For a long while, I’ve worried about the same problems afflicting the upcoming Batman: Arkham Knight, Rocksteady’s parallel part three. Its structure looks to be ‘Arkham City: Loads More Of Everything Edition’. It has a new villain, created by Rocksteady and stapled into the sprawling narrative aftermath of the last game. It has an overhauled approach to environment, to accommodate the use-anywhere Batmobile, a machine looking to play like a combination of Burnout and Halo. It has ‘dual-play’, a system which brings Batman’s allies into combat and stealth, to assist. It has a whole lot of things that, for a long time, I’ve worried are going to be just too much.
I’m not against change. I’m all for it. One of the things I’ve loved about Rocksteady since Arkham Asylum is the studio’s steadfast refusal to play safe. Batman game? Screw the licensed quickie approach. Let’s go deep on the detail and make a serious, legitimate adaptation that just happens to be a video game. Sequel? Let’s keep the core gameplay mechanics and change everything else. I love Rocksteady for that attitude, and I love Rocksteady for delivering it so cleverly, with so much careful thought and insight. You see I’m all for change and evolution, but only when it’s the right change and evolution, executed with considered intelligence rather than sensationalism or bombast. It’s in that latter respect that I’ve found Arkham Knight problematic of late.
You see, while Rocksteady has been talking of Arkham Knight’s additions in terms of completing the Batman power fantasy, power has never been the be-all and end-all of Gotham’s defender for me, either in the games or in terms of the character as a whole. The wonderful thing about the previous Arkhams is that they’re not supercharged exercises in superhero mook-smashing, but carefully balanced Batman simulators. They’re about putting you directly in the man’s boots, and letting you fully personify him by way of lean gameplay mechanics that emphasise creative strategy in order to appear superhuman, wringing every last tactical advantage out of each situation to make survival look like triumph. In short, they’re about doing what Batman has to do every single night.
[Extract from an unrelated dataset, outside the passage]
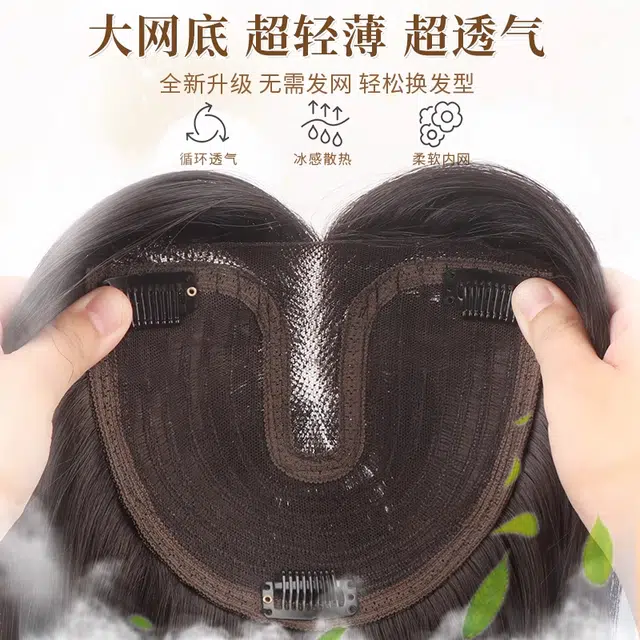 黛姿 长直发假发套 蓬松高颅顶 轻薄透气 修饰脸型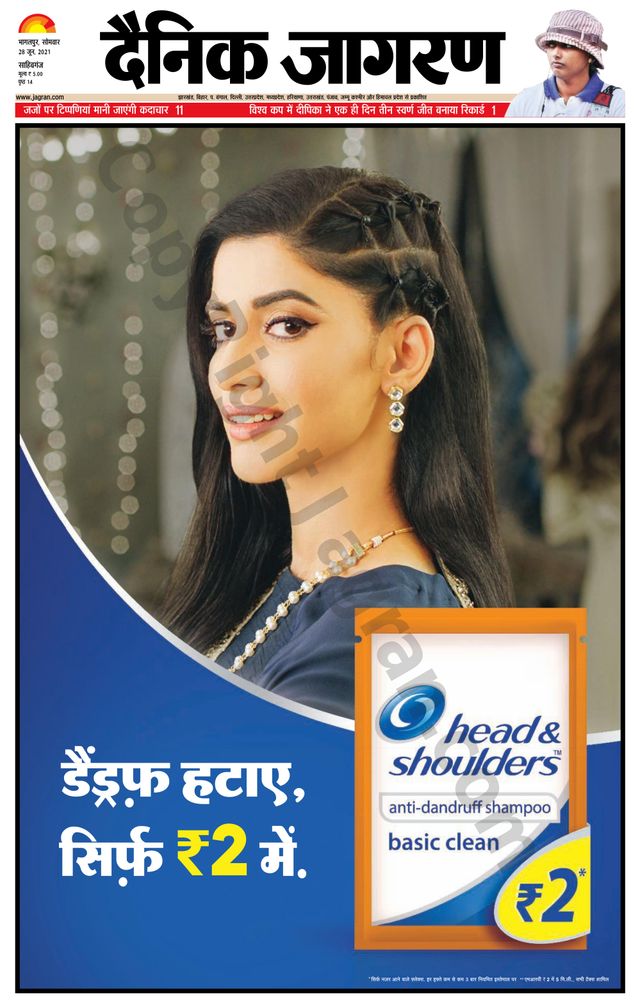 Gå ubegrenset med Magzter GOLD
But the ability to call in back-up? A Batmobile that turns into a tank? All of that felt like it was pushing things in the wrong direction, taking the emphasis away from the man and his personal skills and abilities, and putting the focus on artificial empowerment, external to himself. It had me worried. It had me fearing another case of TDKR-style bloat. It had me eager and nervous to go hands-on, in equal measure.
And now I have. And you know what? I’m now just really, really excited. Because Rocksteady, those clever, clever bastards, seem to have done what Nolan didn’t quite manage. Based on the current build, which I played last week in LA, Batman: Arkham Knight seems to be a brilliantly pitched example of exactly the considered evolution I was talking about earlier.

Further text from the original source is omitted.